3 measures to encourage structural change
The Index suggests practical steps that could help not-for-profits to overcome the barriers to structural innovation. Taking into consideration the specificities of INGOs, we suggest the following three additional measures that would encourage bold structural changes in the sector.
1. Support for change from funders
Institutional funding is a mainstay of most INGOs. If funders were to signal their support for structural innovation, it could have a powerful effect in changing trustees’ and executives’ attitudes and willingness to try new solutions.
DFID’s UK Aid Connect is a step in the right direction, although the announcements about grantees have been much delayed. Launched last year, it encourages innovative partnerships between NGOs, think tanks and public, private and third sector organisations by providing funding for international development consortia. DFID acknowledges that no single organisation has the solution to the complex and interconnected challenges of development and there is much to gain from the sharing of ideas and resources.
We would like to see DFID and other funders being even more ambitious. There is potential for them to support and incentivise not just project partnerships but deeper forms of collaboration.

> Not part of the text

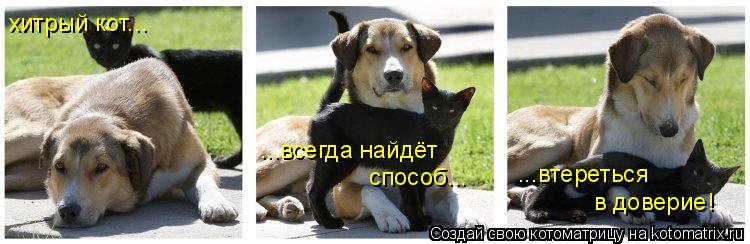 хитрый кот... ...всегда найдёт способ... ...втереться в доверие!... Котоматрица: хитрый кот... ...всегда найдёт способ... ...втереться в доверие!
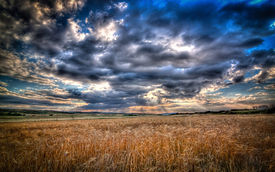 Summer-Wheat-field-dramatically-change-t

2. Establishment of a structural innovation fund
The logistical costs of undertaking structural innovation can be prohibitively high. To tackle this, Eastside Primetimers and its partners are developing a Merger Turnaround Fund which will offer grant funding for organisations exploring mergers, followed by loan financing for implementation and growth stages.
A sector-specific equivalent could help INGOs overcome financial hurdles that are exacerbated by having operations in different countries. Such a fund could, for example, be established by a progressive not-for-profit foundation.
Rather than only targeting struggling organisations, we would like to see funding that frames mergers and radical re-organisation as positive, strategic steps that can drive more effective outcomes, rather than responses to financial difficulty. We think that a relatively small investment in a fund could have a disproportionately large impact.
3. Thinking beyond mergers
The Good Mergers Index gives a timely reminder of the benefits of mergers, but it is important to remember that these are only one of many types of structural innovation. It falls on trustees and executives to constantly question and think creatively about whether their organisation has the right business model. While many appear to be thinking about internal restructuring we are seeing few of the bold moves and fundamental changes that could benefit not-for-profits most, particularly amongst INGOs.
Barriers to organisational restructuring can be prohibitive, especially for INGOs. While innovation must ultimately come from trustees and executives, there are also steps that policymakers and funders can take to promote a cultural shift. Many would welcome the new lease of life in the INGO sector that structural innovations could bring.